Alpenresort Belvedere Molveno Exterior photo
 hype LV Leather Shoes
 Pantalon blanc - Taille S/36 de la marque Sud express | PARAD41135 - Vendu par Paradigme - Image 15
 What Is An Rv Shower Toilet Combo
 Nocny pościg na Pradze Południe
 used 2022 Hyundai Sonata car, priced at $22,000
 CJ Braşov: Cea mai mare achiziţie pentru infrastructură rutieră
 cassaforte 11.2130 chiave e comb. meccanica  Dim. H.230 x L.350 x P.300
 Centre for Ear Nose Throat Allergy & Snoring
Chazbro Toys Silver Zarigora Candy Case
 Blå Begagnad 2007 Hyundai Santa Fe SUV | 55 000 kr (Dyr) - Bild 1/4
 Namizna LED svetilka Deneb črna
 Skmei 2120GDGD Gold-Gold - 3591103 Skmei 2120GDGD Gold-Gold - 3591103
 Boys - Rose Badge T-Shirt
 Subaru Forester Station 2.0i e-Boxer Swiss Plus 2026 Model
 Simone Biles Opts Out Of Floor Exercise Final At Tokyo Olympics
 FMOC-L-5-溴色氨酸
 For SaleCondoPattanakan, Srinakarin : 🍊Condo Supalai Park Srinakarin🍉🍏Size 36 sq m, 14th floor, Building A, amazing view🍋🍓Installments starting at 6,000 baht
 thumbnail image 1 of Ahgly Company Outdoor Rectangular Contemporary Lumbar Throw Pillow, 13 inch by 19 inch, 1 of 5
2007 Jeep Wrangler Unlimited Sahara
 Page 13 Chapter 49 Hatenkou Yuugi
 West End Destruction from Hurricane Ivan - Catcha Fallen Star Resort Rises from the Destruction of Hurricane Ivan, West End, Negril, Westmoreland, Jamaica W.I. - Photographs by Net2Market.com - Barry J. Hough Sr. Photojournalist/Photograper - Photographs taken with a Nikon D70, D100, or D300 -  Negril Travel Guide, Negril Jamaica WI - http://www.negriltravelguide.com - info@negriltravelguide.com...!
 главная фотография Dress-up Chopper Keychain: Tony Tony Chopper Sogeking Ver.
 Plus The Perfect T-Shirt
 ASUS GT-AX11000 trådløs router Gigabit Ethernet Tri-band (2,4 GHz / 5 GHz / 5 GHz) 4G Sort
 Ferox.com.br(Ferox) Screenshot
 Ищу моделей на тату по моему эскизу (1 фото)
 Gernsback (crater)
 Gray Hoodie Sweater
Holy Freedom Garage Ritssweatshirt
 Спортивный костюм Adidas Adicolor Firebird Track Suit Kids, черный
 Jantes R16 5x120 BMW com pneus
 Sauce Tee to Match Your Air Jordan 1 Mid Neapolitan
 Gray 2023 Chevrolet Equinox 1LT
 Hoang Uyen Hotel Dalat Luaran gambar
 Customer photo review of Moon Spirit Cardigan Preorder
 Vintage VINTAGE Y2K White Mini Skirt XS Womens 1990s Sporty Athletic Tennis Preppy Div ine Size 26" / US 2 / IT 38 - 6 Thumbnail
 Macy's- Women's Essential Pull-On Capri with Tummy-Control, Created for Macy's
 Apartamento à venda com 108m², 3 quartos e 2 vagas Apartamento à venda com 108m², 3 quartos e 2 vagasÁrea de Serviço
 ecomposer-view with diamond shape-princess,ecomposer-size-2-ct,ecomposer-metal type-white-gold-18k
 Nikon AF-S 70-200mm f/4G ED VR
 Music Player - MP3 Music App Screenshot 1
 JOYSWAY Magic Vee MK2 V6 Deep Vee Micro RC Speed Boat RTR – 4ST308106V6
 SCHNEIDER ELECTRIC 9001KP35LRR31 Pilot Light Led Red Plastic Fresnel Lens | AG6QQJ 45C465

------------

Your answer must be a copy of every line in the data above that holds the string "Screenshot".

EXERCISE ANSWER -
 Ferox.com.br(Ferox) Screenshot
 Music Player - MP3 Music App Screenshot 1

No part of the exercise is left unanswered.